Friday, January 4, 2013

Dear voice: Your return would be much appreciated

Rehearsal, rehearsal, rehearsal. That is my life. The past 3 days have been full busy days of singing and dancing…the show is gonna be super cute though. Plus, I get to play guitar now! Well, pretend to play guitar…but it is kind of fun to rock out. I just need to figure out how to do it to make it look legit.

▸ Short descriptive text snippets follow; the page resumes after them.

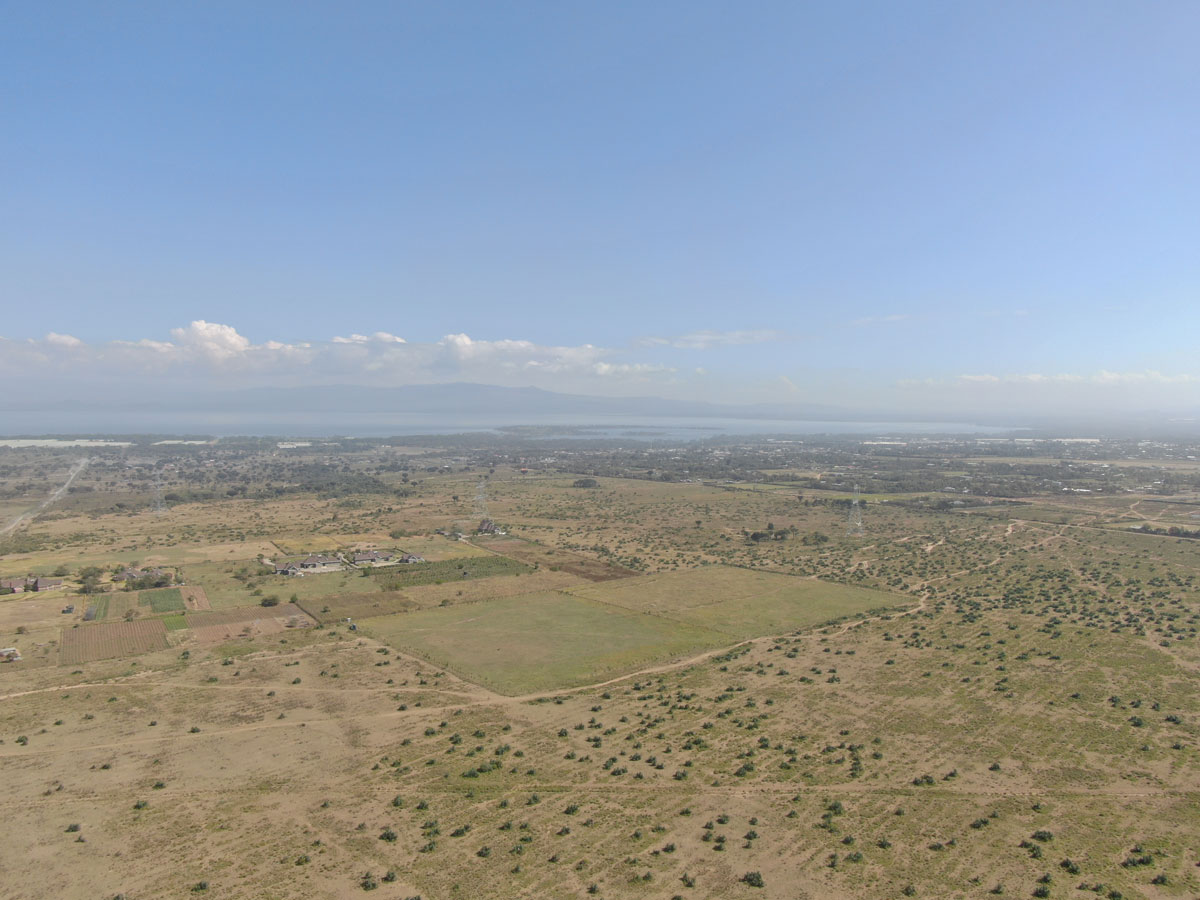 Naivasha Views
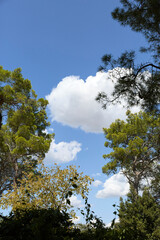 sky and trees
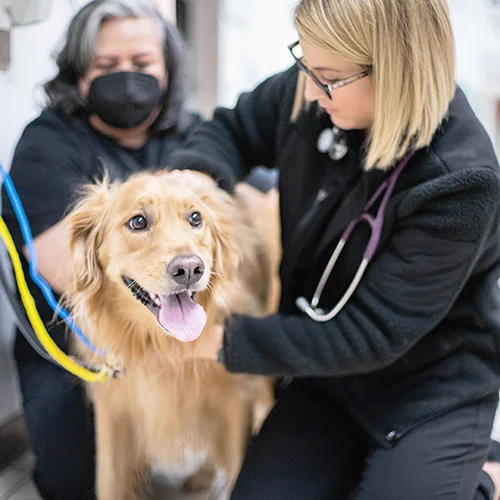 Homepage Pet Wellness Care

The only thing still annoying me is my voice. For the most part, this nagging sickness is finally gone…but my voice is still not entirely back. And now we have to go into the recording studio tomorrow to record our tracks (just in case we do lose our voice on tour or if they want to make a cast album one day) and I want to be as healthy vocally as I can be. I even turned down going out for drinks with my Busytown cast tonight (which I’ve been looking forward to all week) to stay in, drink tea and not talk…cus I don’t think spending the night in a loud bar, drinking beer would help my current vocal condition.

It’s just really starting to frustrate me now. Because I really want to be at my best. And I think the fact that I do go into rehearsal and still dance and sing as hard as I can, regardless of my health, is not helping my voice come back as fast as it should. I just really need a rest…and there’s no time. We open in just over a week. I’m just so mad with my body right now, I’m sick of this. I. JUST. WANT. TO. BE. BETTER.

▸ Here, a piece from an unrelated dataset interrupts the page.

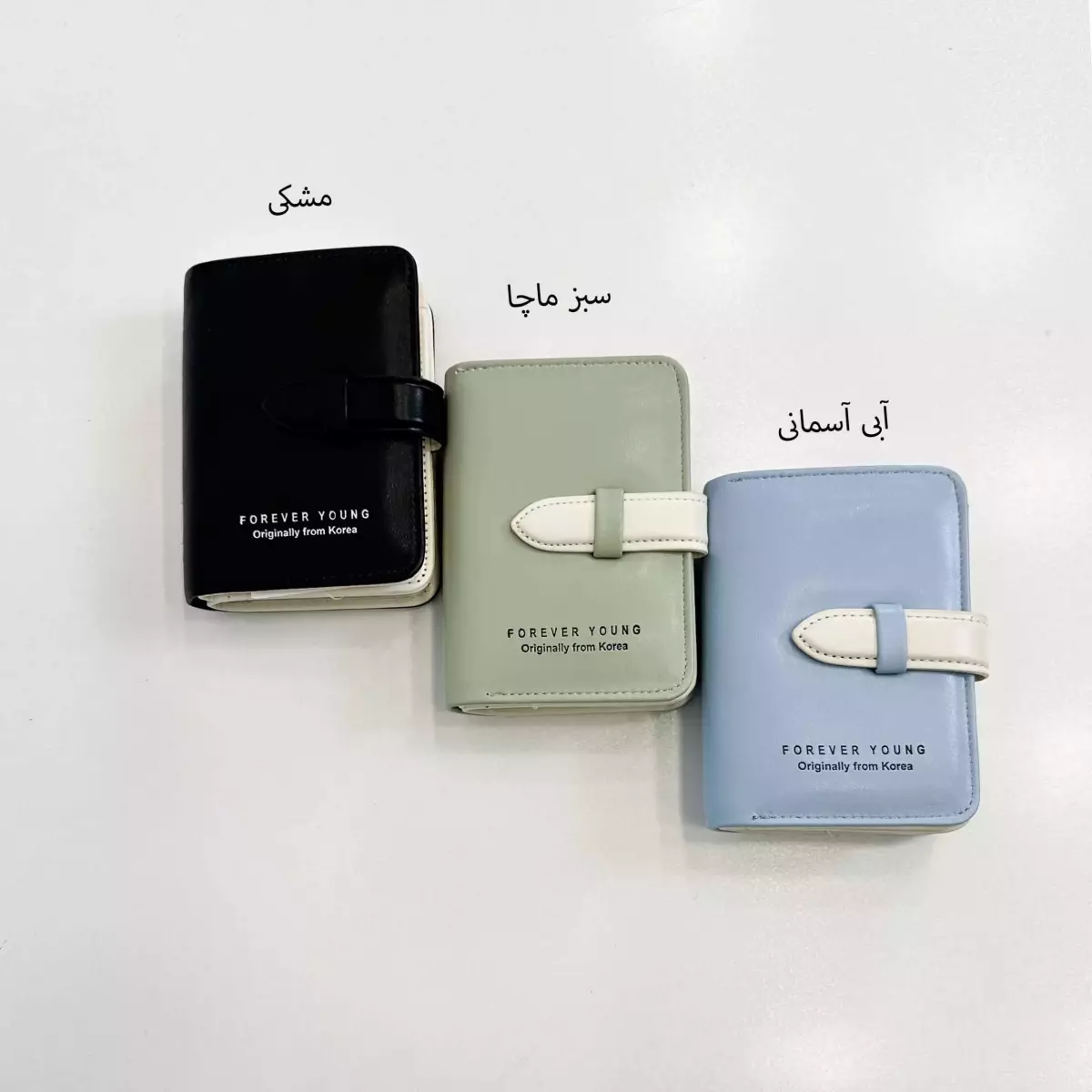 کیف پول 1004887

Thankfully, my roommate Kaitlin is super understanding. She’s not sick…but she’s very similar to me in the sense that we get home from rehearsal, eat and then kind of just want to pass out. This process is super tiring…and I was expecting it. But I hate sacrificing time with my friends to take care of my health. Because I shouldn’t have to. But I guess I’m not as invincible as I think I am sometimes.

In happier news – we choreographed my solo today! And it’s adorable…I’m really happy with it. As hard as this past week has been, I am so happy to be here. I feel like this kind of work is totally what I’m meant to do…and I’m so excited to get on the road and share it with everyone.

And to get my annoying, high-pitched voice back.